> _What you have to do_
Records follow. Print exactly the lines from the one that has "I will perform" through the one that has "Aveeno Active Naturals", inclusive, and omit the pictures.

> _Dataset records_
------------
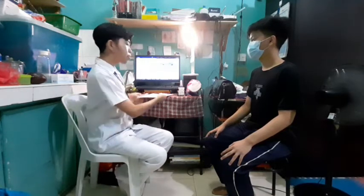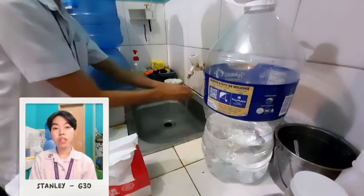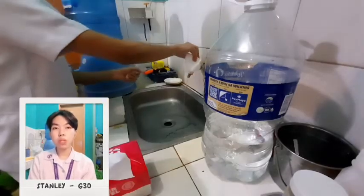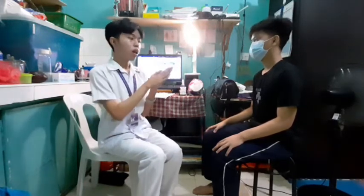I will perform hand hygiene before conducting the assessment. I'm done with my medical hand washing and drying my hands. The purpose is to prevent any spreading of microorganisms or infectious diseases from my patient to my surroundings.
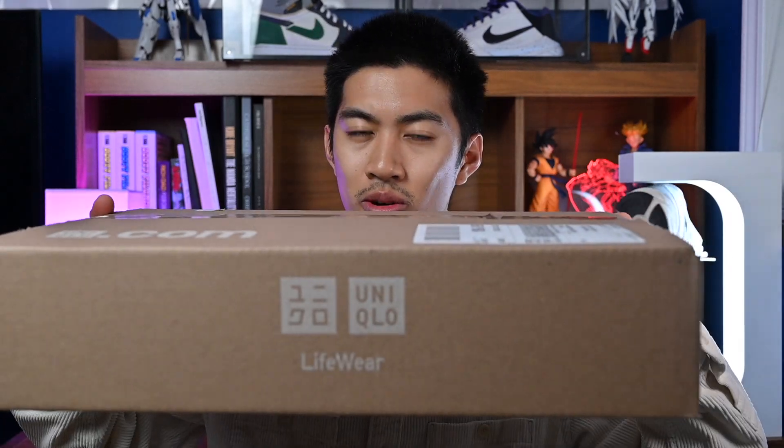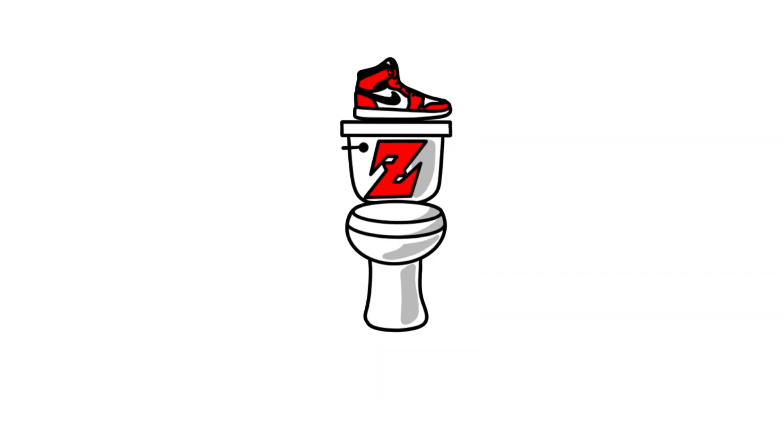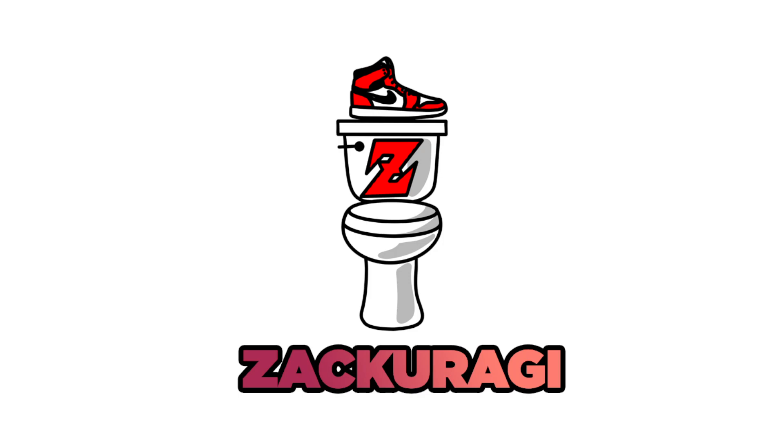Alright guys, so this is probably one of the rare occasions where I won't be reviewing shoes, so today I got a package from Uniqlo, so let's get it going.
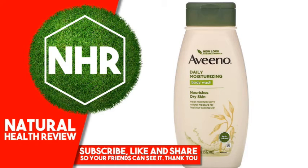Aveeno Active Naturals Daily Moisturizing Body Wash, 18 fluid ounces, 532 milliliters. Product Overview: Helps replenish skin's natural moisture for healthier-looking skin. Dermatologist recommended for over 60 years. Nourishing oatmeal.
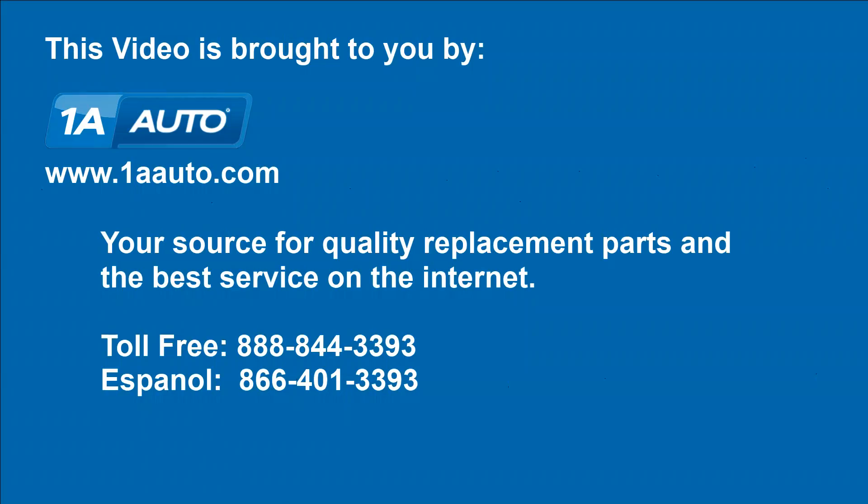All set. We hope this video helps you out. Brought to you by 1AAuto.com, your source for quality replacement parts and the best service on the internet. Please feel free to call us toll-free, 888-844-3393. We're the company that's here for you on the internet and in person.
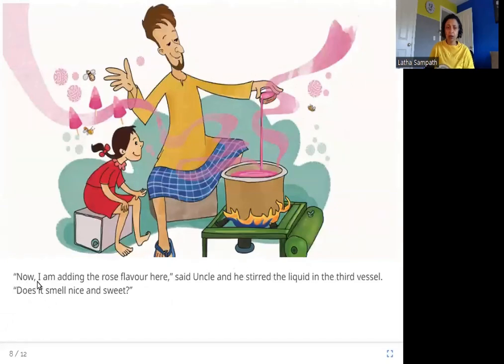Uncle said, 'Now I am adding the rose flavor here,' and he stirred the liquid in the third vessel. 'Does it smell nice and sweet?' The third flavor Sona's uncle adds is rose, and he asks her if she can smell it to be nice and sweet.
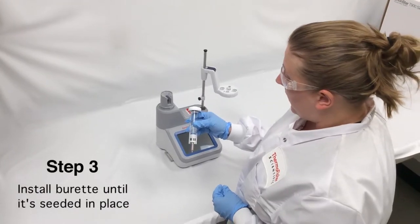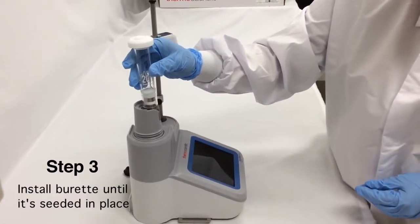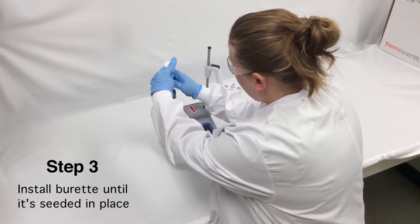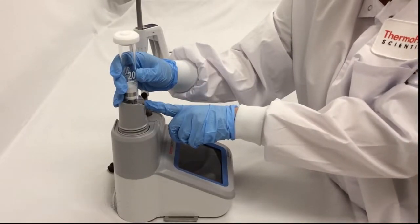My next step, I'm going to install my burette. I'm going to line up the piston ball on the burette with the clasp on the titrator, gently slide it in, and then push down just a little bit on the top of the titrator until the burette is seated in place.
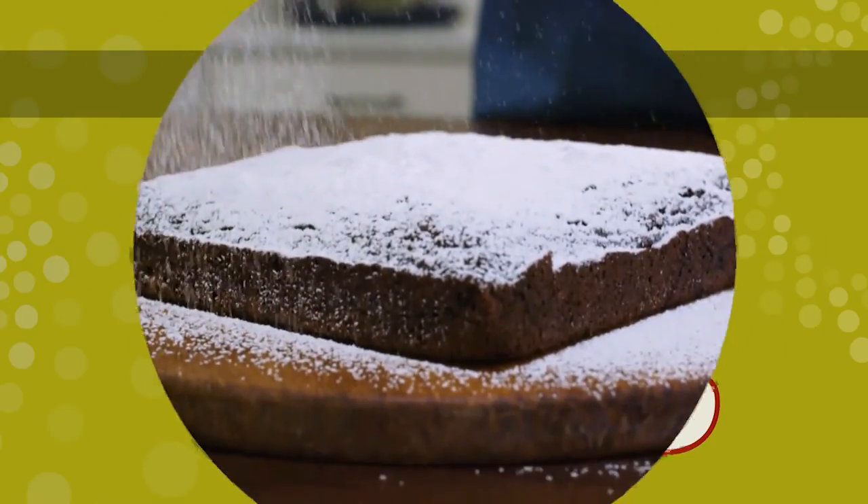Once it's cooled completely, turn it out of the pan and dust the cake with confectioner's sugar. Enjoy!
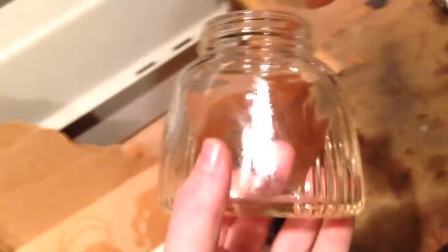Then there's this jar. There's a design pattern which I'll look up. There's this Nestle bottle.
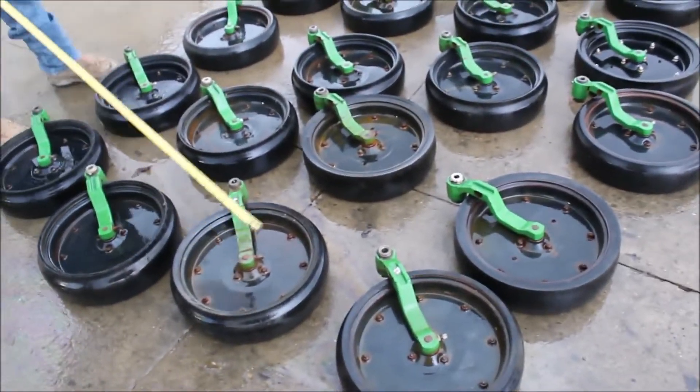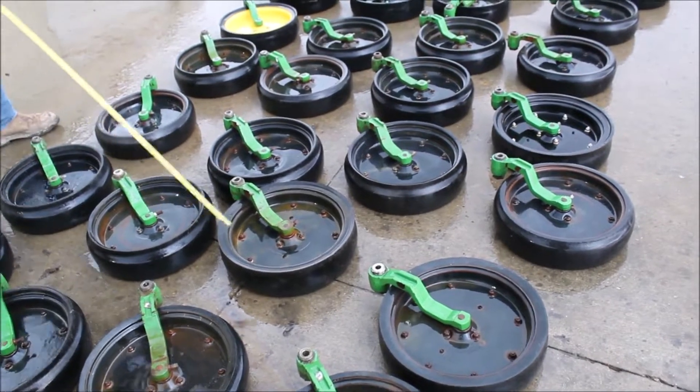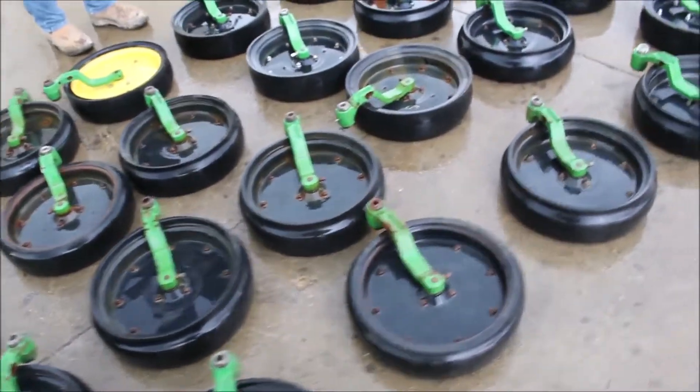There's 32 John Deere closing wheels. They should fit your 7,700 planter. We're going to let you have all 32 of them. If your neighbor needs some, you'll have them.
------------
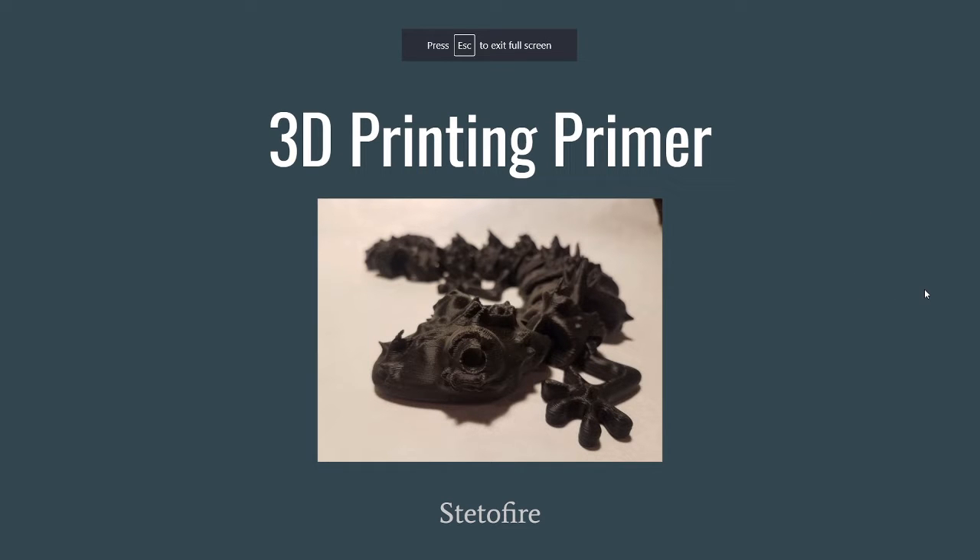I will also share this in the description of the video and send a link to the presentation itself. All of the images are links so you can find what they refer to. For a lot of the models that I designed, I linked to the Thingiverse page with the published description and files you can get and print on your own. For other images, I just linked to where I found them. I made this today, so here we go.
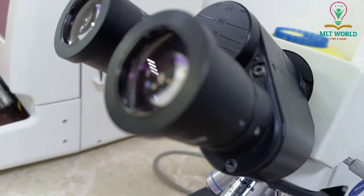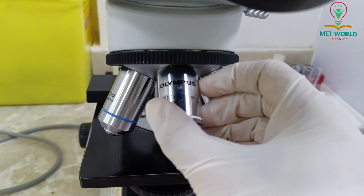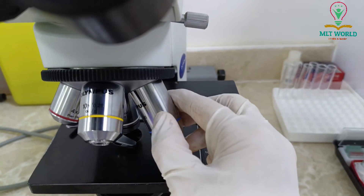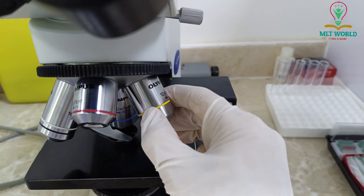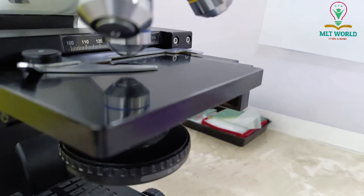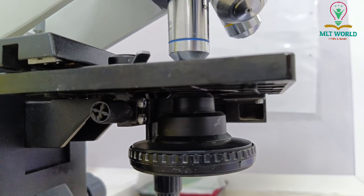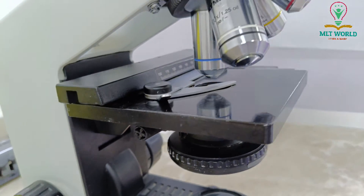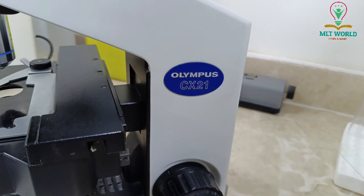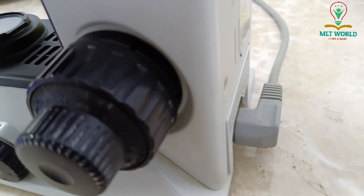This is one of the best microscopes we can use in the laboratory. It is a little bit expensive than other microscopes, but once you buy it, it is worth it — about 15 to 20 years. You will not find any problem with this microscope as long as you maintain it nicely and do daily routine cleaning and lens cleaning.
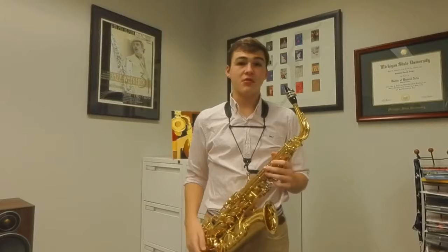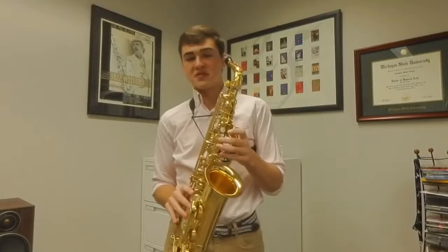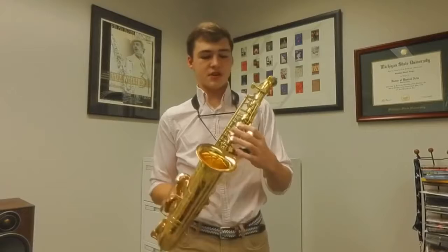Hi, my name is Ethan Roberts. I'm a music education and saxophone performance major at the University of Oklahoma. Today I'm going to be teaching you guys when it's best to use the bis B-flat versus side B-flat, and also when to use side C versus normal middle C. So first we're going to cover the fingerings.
------------
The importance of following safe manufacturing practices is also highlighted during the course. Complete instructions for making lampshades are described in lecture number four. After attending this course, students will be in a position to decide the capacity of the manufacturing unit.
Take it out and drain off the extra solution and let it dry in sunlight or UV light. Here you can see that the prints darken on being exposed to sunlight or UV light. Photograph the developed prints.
------------
> _Written answer_
I will perform hand hygiene before conducting the assessment. I'm done with my medical hand washing and drying my hands. The purpose is to prevent any spreading of microorganisms or infectious diseases from my patient to my surroundings.
Alright guys, so this is probably one of the rare occasions where I won't be reviewing shoes, so today I got a package from Uniqlo, so let's get it going.
Aveeno Active Naturals Daily Moisturizing Body Wash, 18 fluid ounces, 532 milliliters. Product Overview: Helps replenish skin's natural moisture for healthier-looking skin. Dermatologist recommended for over 60 years. Nourishing oatmeal.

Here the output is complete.